Kawan-kawan pun tergerak. Mereka sepakat menghubungi Sihar dan
melontarkan semua pertanyaan mengenai perjuangan yang terputus di tengah
jalan. Di sinilah muncul apa yang saya sebut URBAN SPIRIT. Semangat
untuk kembali menguatkan komitmen perjuangan.
Saya memberikan
deadline sepihak 16 Desember 2013. Kenapa saya berikan deadline sepihak?

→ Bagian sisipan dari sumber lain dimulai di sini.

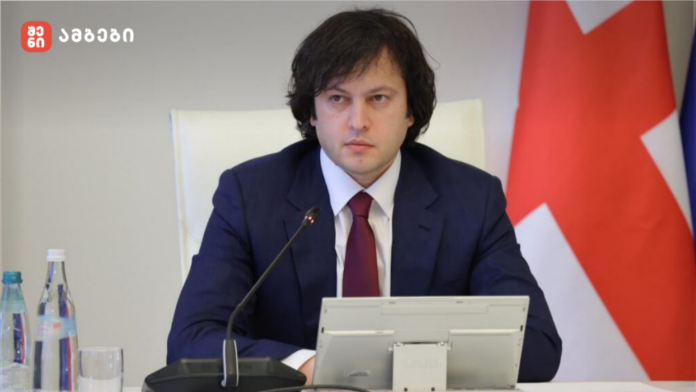 Man in a navy suit and red tie sits at a conference table speaking into a microphone, with a tablet in front and a Georgian flag in the background.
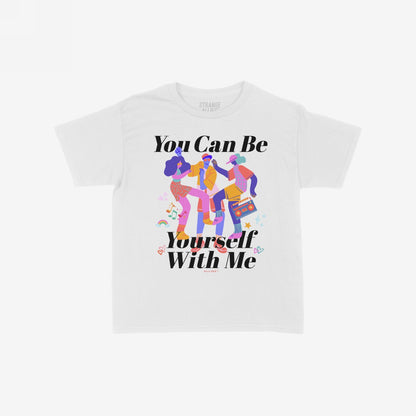The Be Yourself T-shirt features a bold graphic with dancing figures and a boombox, surrounded by joyful symbols, promoting authenticity and inclusivity with the slogans “You Can Be” and “Yourself With Me.”
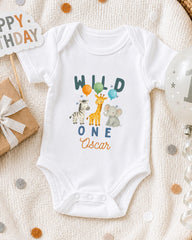A white onesie with a design of wild animals, including a giraffe, zebra, and elephant, along with the text "Wild One Oscar" printed on it. The onesie is placed on a white blanket, surrounded by various party decorations such as balloons and a "Happy Birthday" sign.
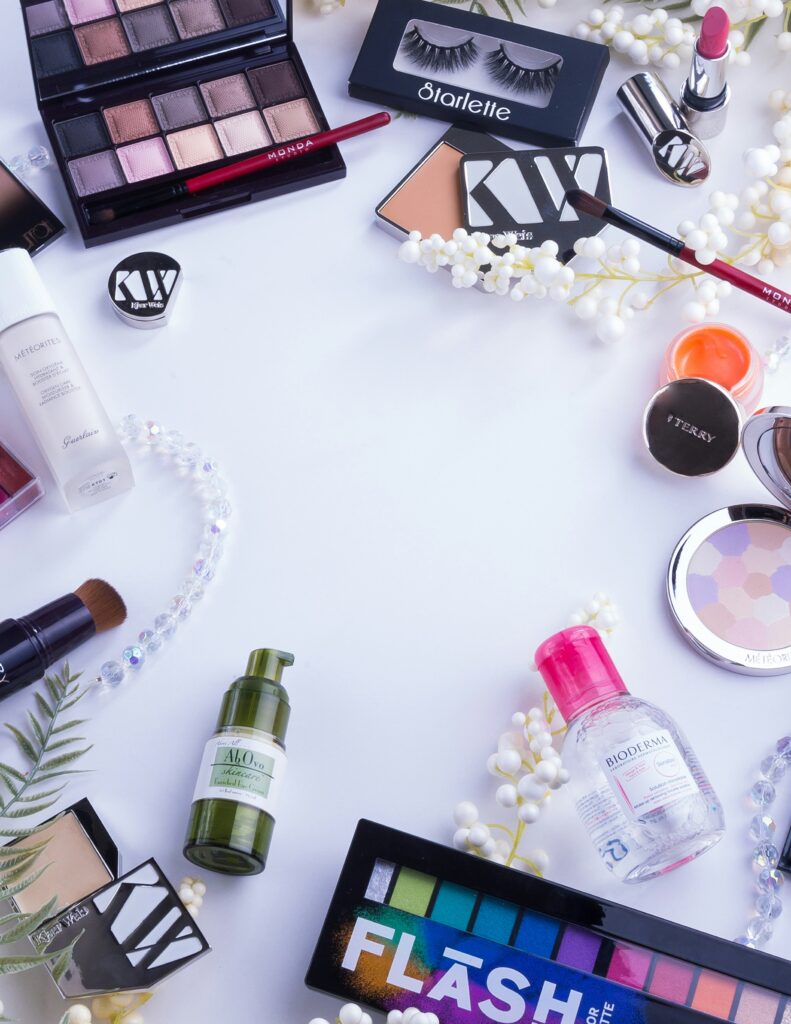 Flat lay of various cosmetic and skincare products, including eyeshadow palettes, false lashes, makeup remover, and lipstick, surrounding a central white space.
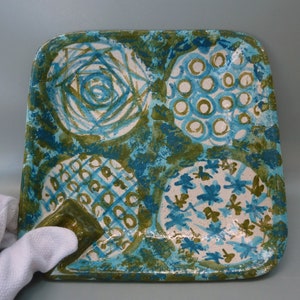 May include: Square ceramic tray with a blue and green abstract design. The tray has four sections, each with a different pattern. The tray is perfect for serving snacks or appetizers.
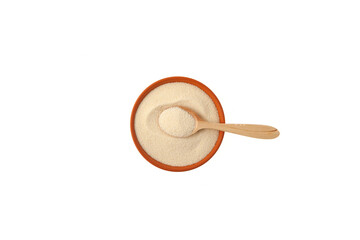 Semolina in clay plate with wooden spoon on white background, top view. Design element, copy space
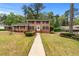 Charming brick home with a well-maintained lawn and traditional landscaping at 2350 Powers Ferry Se Dr, Marietta, GA 30067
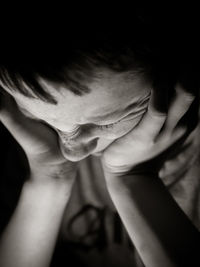 Close-up of frustrated boy in darkroom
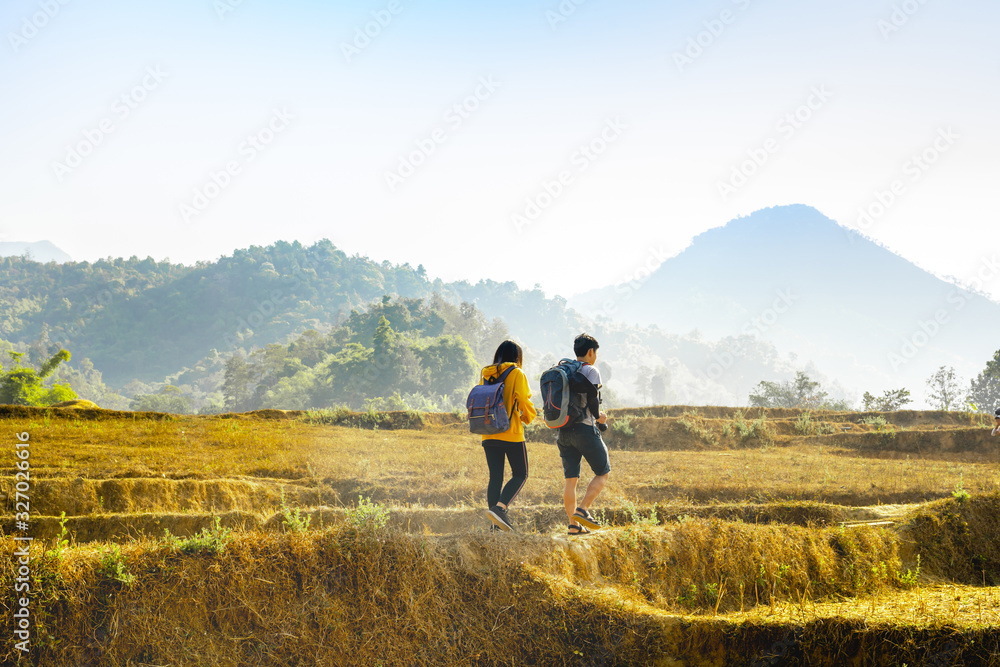 adventure travel from asian couple hiking and walk to the mountain in summer season adventure travel from asian couple hiking and walk to the mountain in summer season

Karena saya tak ingin anak-anak FDSI meniru kebiasaan pro revolupssi
yang kasih PHP ke suporter. deadline itu bagus untuk mengusik zona
nyaman. Dengan deadline, kita tahu bahwa kita diawasi dan tak bisa
seenaknya kelak bilang: sedang diusahakan, sedang diusahakan. Kenapa
deadline tidak saya berikan saat pertemuan, karena saya ingin mencoba
bagaimana reaksi teman-teman jika deadline diberikan belakangan oleh
kawan seperjuangan mereka sendiri, bukan oleh lawan.
Namun
rupanya ada orang-orang yang salah paham dengan deadline. Tidak
menangkap substansi deadline dan menyerang saya. Bahkan ada salah satu
member FDSI yang melontarkan pernyataan yang seolah-olah saya dan
kawan-kawan mengemis untuk dipertemukan dengan Sihar atau minta bantuan
Sihar. SALAH BESAR! Kami tidak peduli apakah sihar akan membantu atau
tidak. Ada atau tanpa sihar, kami tetap melawan. Kami hanya
mempertanyakan KOMITMEN PERJUANGAN. Bukan hanya kepada Sihar, tapi juga
kepada anak-anak FDSI.
Namun kita bersyukur ada Helmi Atmaja.
Dia bekerja keras mewujudkan komitmen Urban spirit. Saya mendapat info
dari Bunda Novi betapa Helmi berupaya keras menjaga komitmen urban
spirit itu: mewujudkan janji untuk bertemu sihar.
Suasana
cooling down, tapi muncul kericuhan lagi saat Pro duta tak lolos
verifikasi. Seolah-olah kiamat, mengumpat-umpat PSSI tidak adil.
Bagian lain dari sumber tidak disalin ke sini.